= Sarah Kate Wilson =

American electrical engineer

Sarah Kate (Katie) Wilson is an American electrical engineer focusing on communications, including channel estimation for orthogonal frequency-division multiplexing and optical wireless communications She is a professor emerita in the Department of Electrical and Computer Engineering at Santa Clara University in California.

==Education and career==
Wilson majored in mathematics at Bryn Mawr College, graduating in 1979. After working in industry as a computer programmer and engineer, she returned to graduate study in electrical engineering at Stanford University, earning a master's degree in 1987 and completing her Ph.D. in 1994.

She became an assistant professor in electrical engineering at Purdue University in 1994, and in 1999 moved to the Luleå University of Technology in Sweden. After several years alternating between industry work and academic research in Sweden and California, she joined the faculty at Santa Clara University in 2006. She served as president of the university's faculty senate from 2018 to 2019.

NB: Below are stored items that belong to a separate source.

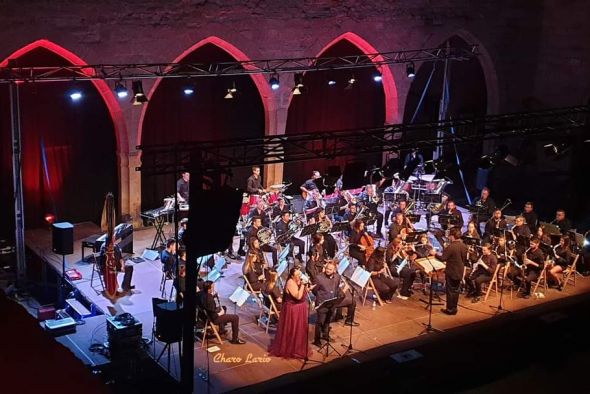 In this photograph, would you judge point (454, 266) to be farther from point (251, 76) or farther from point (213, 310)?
point (251, 76)

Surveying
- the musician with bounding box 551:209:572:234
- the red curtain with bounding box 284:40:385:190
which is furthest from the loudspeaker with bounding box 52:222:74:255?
the musician with bounding box 551:209:572:234

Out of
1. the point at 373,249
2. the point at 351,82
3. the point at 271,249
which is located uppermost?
the point at 351,82

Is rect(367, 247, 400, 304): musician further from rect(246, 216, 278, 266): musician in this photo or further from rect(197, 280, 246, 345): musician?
rect(197, 280, 246, 345): musician

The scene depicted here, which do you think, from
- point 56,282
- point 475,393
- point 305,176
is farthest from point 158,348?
point 305,176

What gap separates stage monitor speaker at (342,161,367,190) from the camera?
15.8m

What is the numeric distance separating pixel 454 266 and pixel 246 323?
152 inches

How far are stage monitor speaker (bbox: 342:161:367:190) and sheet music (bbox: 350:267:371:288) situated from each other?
96.8 inches

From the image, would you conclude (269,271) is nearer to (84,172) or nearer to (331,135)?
(331,135)

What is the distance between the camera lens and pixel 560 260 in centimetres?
1602

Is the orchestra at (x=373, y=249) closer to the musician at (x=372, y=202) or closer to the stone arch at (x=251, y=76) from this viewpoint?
the musician at (x=372, y=202)

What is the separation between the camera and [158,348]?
13.1 meters

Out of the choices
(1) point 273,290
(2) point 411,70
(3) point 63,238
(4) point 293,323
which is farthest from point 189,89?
(4) point 293,323

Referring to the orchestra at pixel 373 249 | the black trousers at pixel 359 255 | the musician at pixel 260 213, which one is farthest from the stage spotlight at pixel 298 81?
the black trousers at pixel 359 255

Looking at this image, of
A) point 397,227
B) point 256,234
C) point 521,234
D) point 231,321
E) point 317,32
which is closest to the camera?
point 231,321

From 2009 to 2011 she was editor-in-chief of IEEE Communications Letters. She founded the IEEE Women's Workshop on Communications and Signal Processing in 2012, and has served in multiple other leadership roles in the IEEE Communications Society.

==Recognition==
Wilson was elected as an IEEE Fellow in 2014, "for contributions to orthogonal frequency division multiplexing". In the same year, she was the recipient of the IEEE Communications Society Women in Communication Engineering Outstanding Service Award. She was the 2017 recipient of the IEEE Communications Society Joseph LoCicero Award for Exemplary Service to Publications, and the 2018 recipient of the IEEE Education Society Harriett B. Rigas Award, "for excellence and outstanding leadership in signal processing, education, and mentoring".